We have come up with a couple of makeshift methods to ease washing and bathing until such time as we get a gravity system rigged. One is a simple plastic trash can mounted above the bathroom sink, with a hole drilled toward the bottom and a spigot installed. We fill it once a day and have "on-demand" water for tooth-brushing and hand/face washing.
We have also rigged a way to shower! After looking at camp-style showers like the Zodi Extreme, which pressurizes via a hand pump, we bought an inexpensive stainless steel garden sprayer. I then headed to our local hardware store (the employees of which are my heroes, day after day). After having shown up with that blue plastic trash can, looking for help making it into a hand-washing station, they weren't the least bit surprised when I showed up with a garden sprayer and asked for help turning it into a shower. I went home with some plastic hose, a flow-amplifying shower head, some clamps, and some fittings to allow us to disconnect the tank for refilling. It's pretty slick! We fill it with hot water, pump it about 30-40 times, and get about a five-minute shower with less than two gallons. You do have to pump it again about half-way through your shower, but I have read that this is also necessary with the Zodis.

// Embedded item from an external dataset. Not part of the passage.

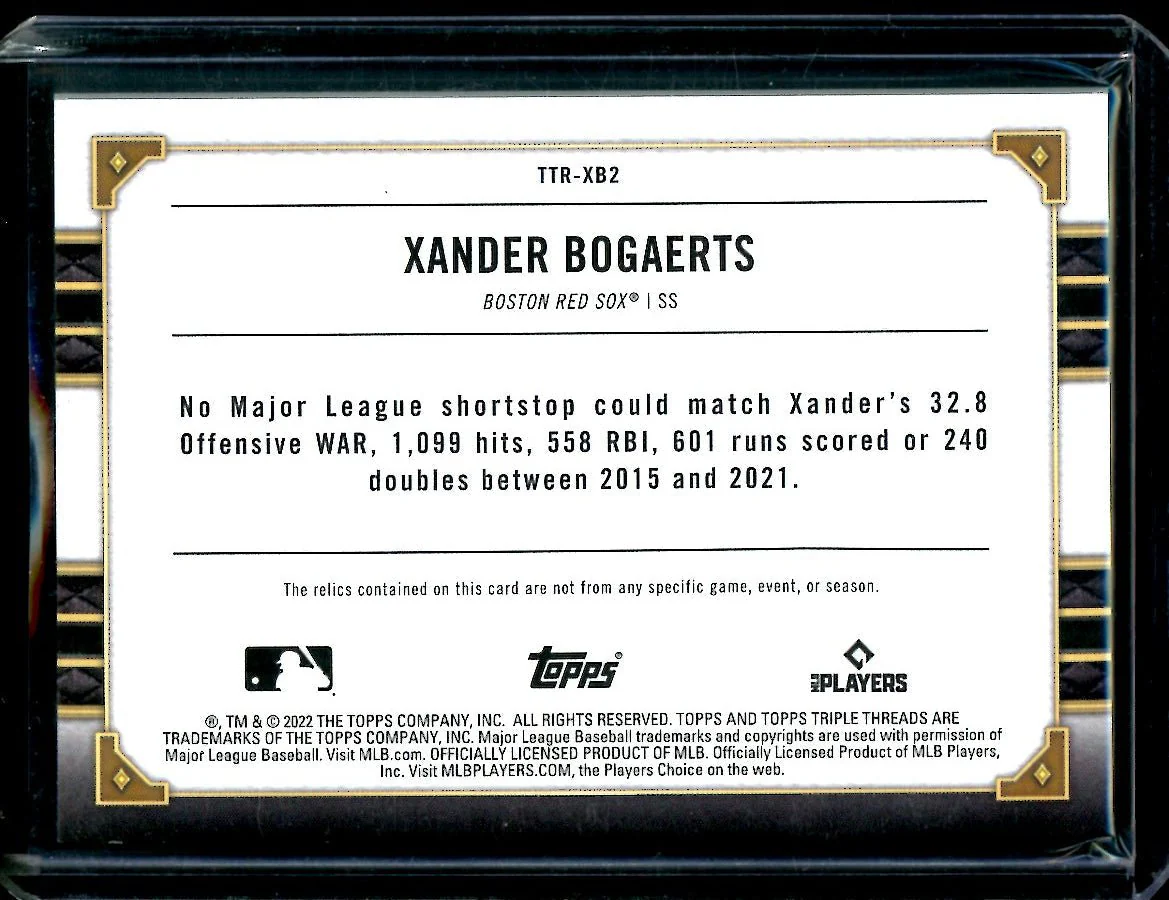 2022 Topps Triple Threads Xander Bogaerts Game Used Patch /3 Red Sox - Image 2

What else? Joe got the storm door installed on the kitchen side. The effect of 18-inch-thick walls is that you end up being able to stand between the storm door and the inside door: it's like an air lock! This has greatly reduced floor drafts.
During Molly's recent visit, Joe and Molly built a nifty trestle table with benches that fit underneath. This way when we don't have company, which is most of the time, the benches don't clutter up our small space, but can be pulled out when we do have visitors.
Oh, and while Ian was home, he built us this extremely cool rig for the kitchen counter extension, which in the "up" position holds the counter securely and can't be knocked aside, and which swings down between the counter legs, allowing the counter to fold down completely flat.
We probably won't be accomplishing much in the way of major projects over the next month or so, as both of us have full-time job commitments in February. Jobs get in the way of so much productive work! But we are lucky enough to have them this year, by all accounts.
We hope 2010 finds all of our far-flung family and friends healthy, safe, and secure.